People’s lives are increasingly busy. Life is filled with meetings, travel for work, vacations, kids, and partners. Days race by into weeks, leaving less and less time for self care. With work, children, caring for sick family members, working out, buying healthy groceries, attending school meetings, how do you find time for therapy?
Sometimes everyone feels overwhelmed and needs to talk to someone who is objective. Someone who is not a friend or even family member. Yet, calling a therapist may feel like it requires you to schedule yet another appointment. Brief focused therapy is the best type of therapy for busy people because it is short-term and can even be done from a distance.
Living in the Present
Many people don’t have time to spend years in therapy rehashing and analyzing their past. Brief therapy is for those people who want to put the spotlight on the present and future, with less emphasis on the past, making it briefer than most traditional therapies.
Where do you want to be and what is keeping you from reaching your goals? Whether communication problems, relationship issues, addictions, organizational conflicts, or your children’s behavioral problems, this therapy focuses on the here and now but also how to improve your life right away. It is positive and solution focused.
How Brief Therapy Works
In brief therapy your resources, strengths, and passions are identified. During sessions, barriers are identified while your therapist provides accountability and support as you redesign your life one step at a time. As you improve one area of your life — such as your health by improving your sleep patterns and initiating exercise or a lost hobby in your life — you will see a positive change in other areas like self-esteem and interest in socializing (relationships). Improvement in the relationship area with your partner may have a positive effect on your work productivity and increase your confidence to make a change in your work or career as needed. Change brings about more change and it continues until your aspirations are met.

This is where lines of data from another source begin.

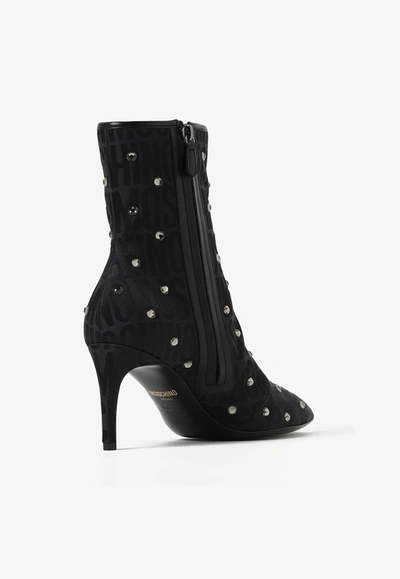 Shop Moschino 75 All-over Jacquard Logo Ankle Boots In Black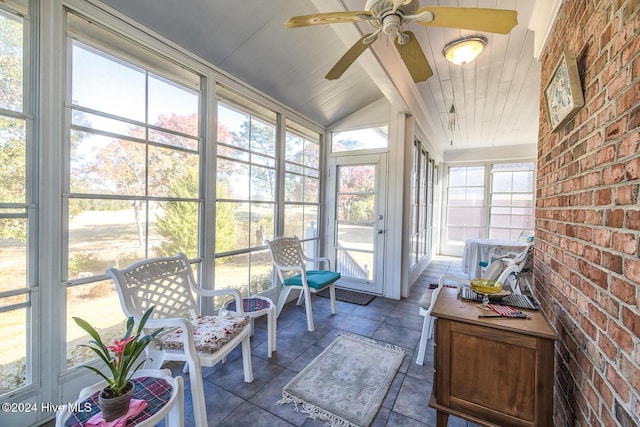 sunroom / solarium with ceiling fan and vaulted ceiling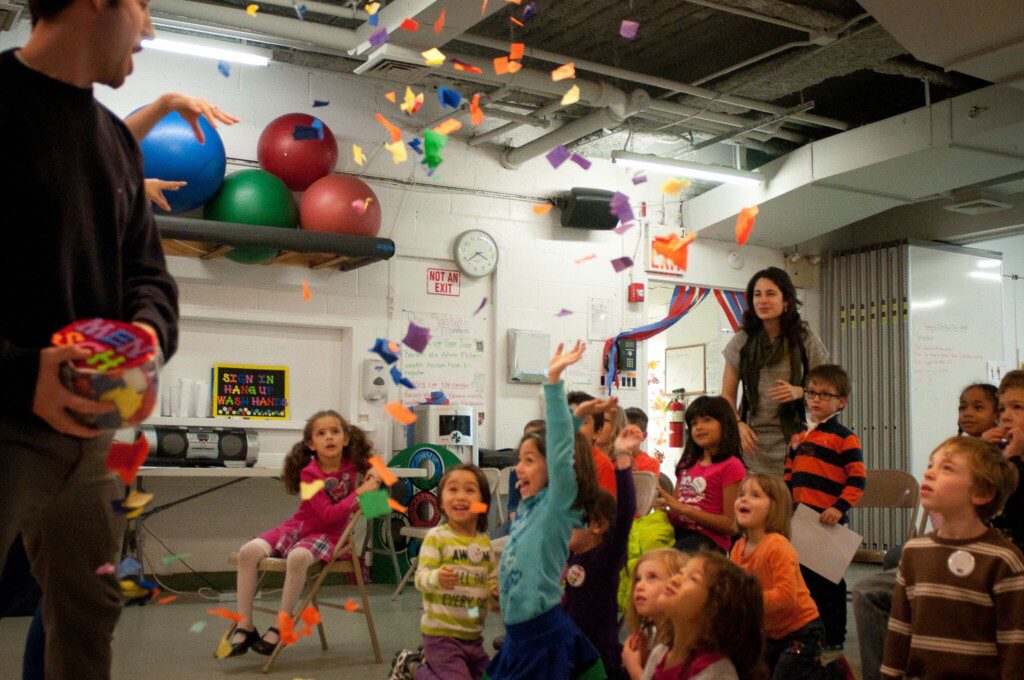 Kids enjoying a confetti activity at 14th Street Y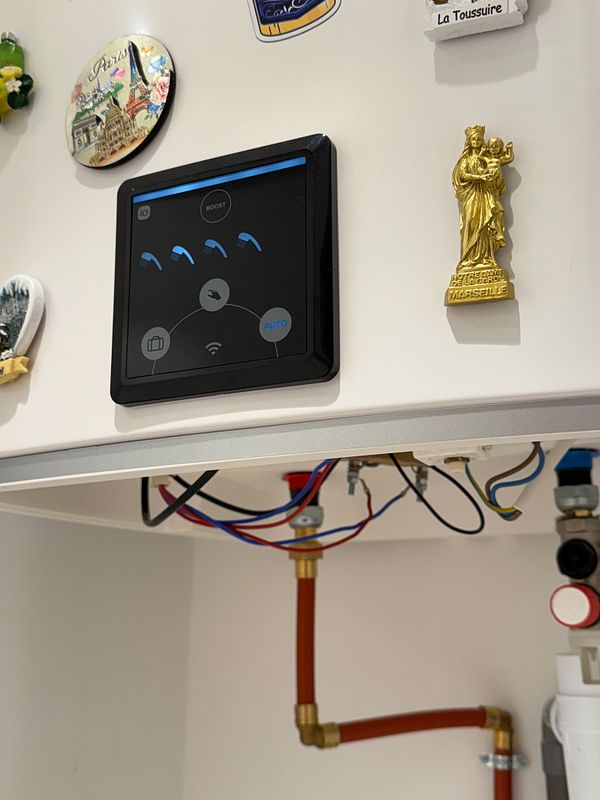 A modern water heater control panel is displayed, showcasing its connections and surrounding decor.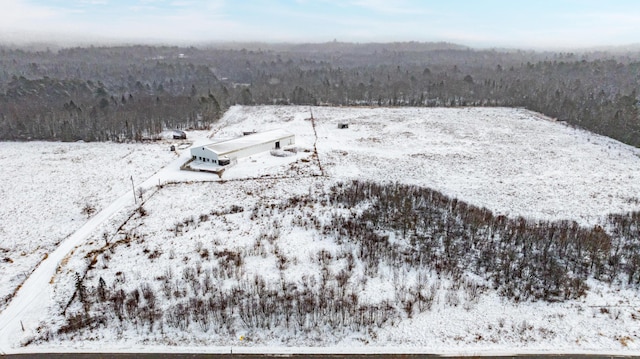 snowy aerial view featuring a forest view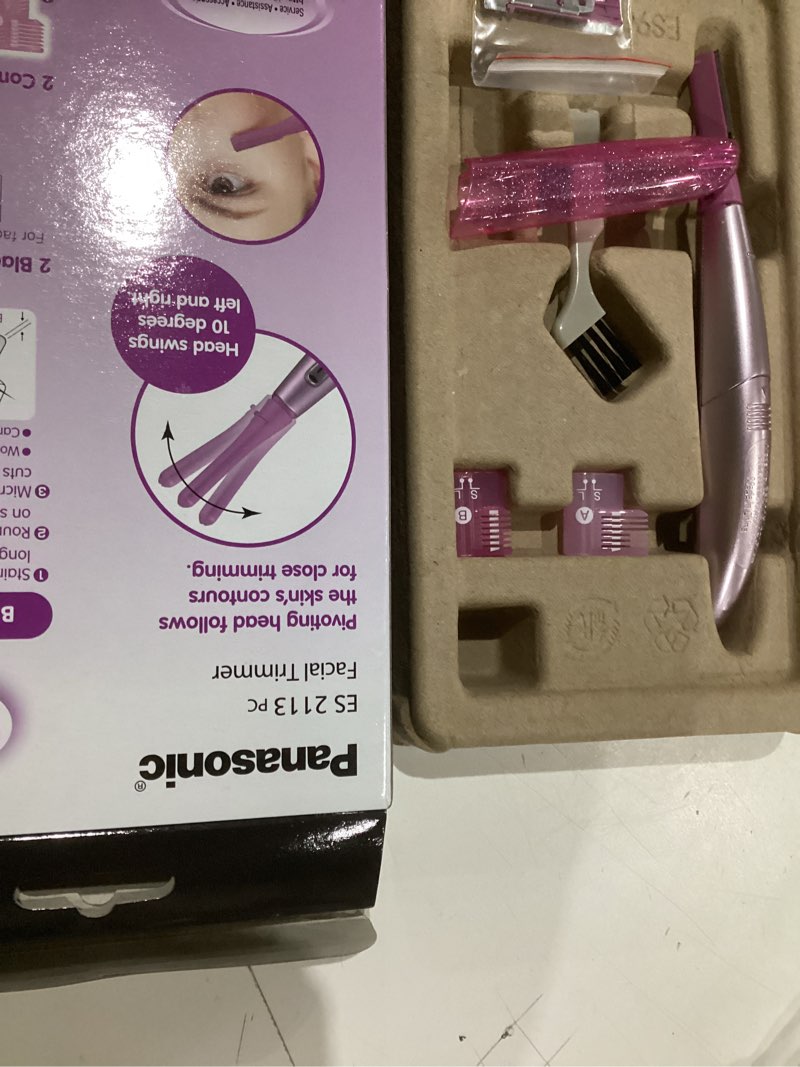 Condition photo showing As Is for panasonic women’s facial hair remover and eyebrow trimmer with pivoting head, includes 2 gentle blades for brow and face and 2 eyebrow trim attachments, battery-operated – es2113pc pink 5 piece set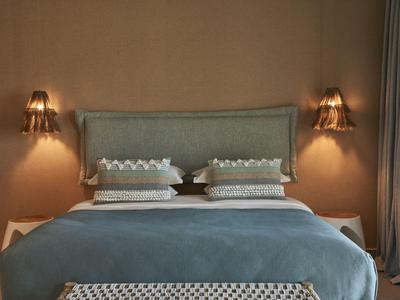 Modernes Schlafzimmer mit Doppelbett, gepolstertem Kopfteil und warmem Wandlicht.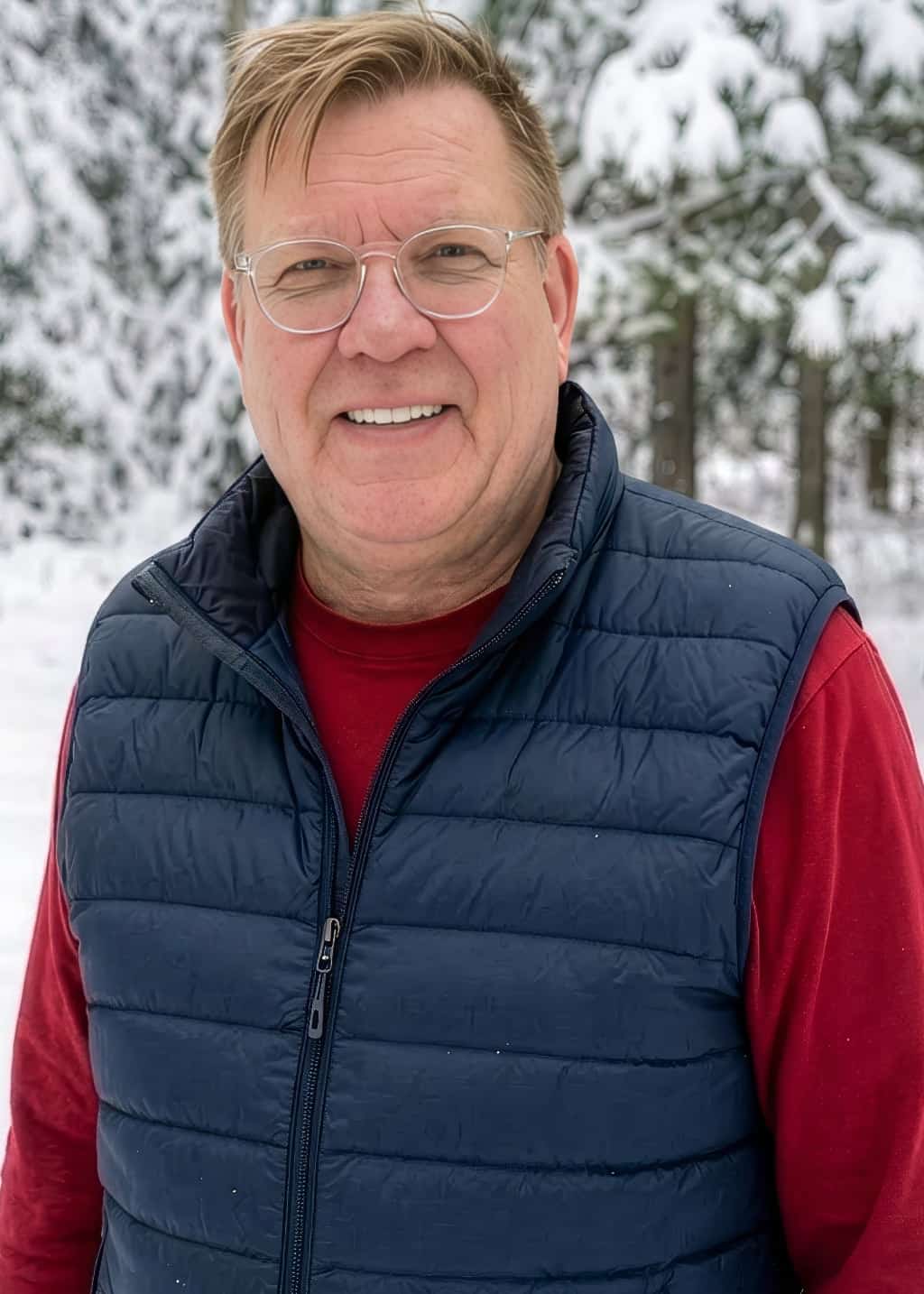 A man with light brown hair and glasses, wearing a navy blue vest over a red shirt, stands outside in a snowy forest with snow-covered trees in the background, smiling at the camera.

If barriers or self-sabotaging behaviors arise in therapy, other types of therapy such as EMDR or hypnosis can be used as an adjunct to brief therapy. Brief therapy continues until you are more satisfied in all areas of your life.
Traditional therapies focus on the past and the reasons for your problems; brief therapy focuses on your current situation, your resources, and accomplishments. In partnership, you and your therapist create an individualized personalized plan for the future you desire.
According to Wikipedia, the concept of brief therapy was independently discovered by several therapists in their own practices over several decades. By the 1950s, psychologists such as Milton Erickson and Haley began writing about brief therapy, but it became popular in the 1960s and 1970s. Richard Bandler, John Grinder, and Stephen Lankton have also been credited, at least in part, with the inspiration for and popularization of brief therapy, particularly through their work with Milton Erickson.
Brief therapy occurs in the present and is about your learning to appreciate being in the moment. The fact that you are breathing means that you are alive and change is ongoing. A brief focused therapist helps you to live your life now, moment by moment. This is a core trait of positive psychology and one of reasons I practice it along with brief focused therapy.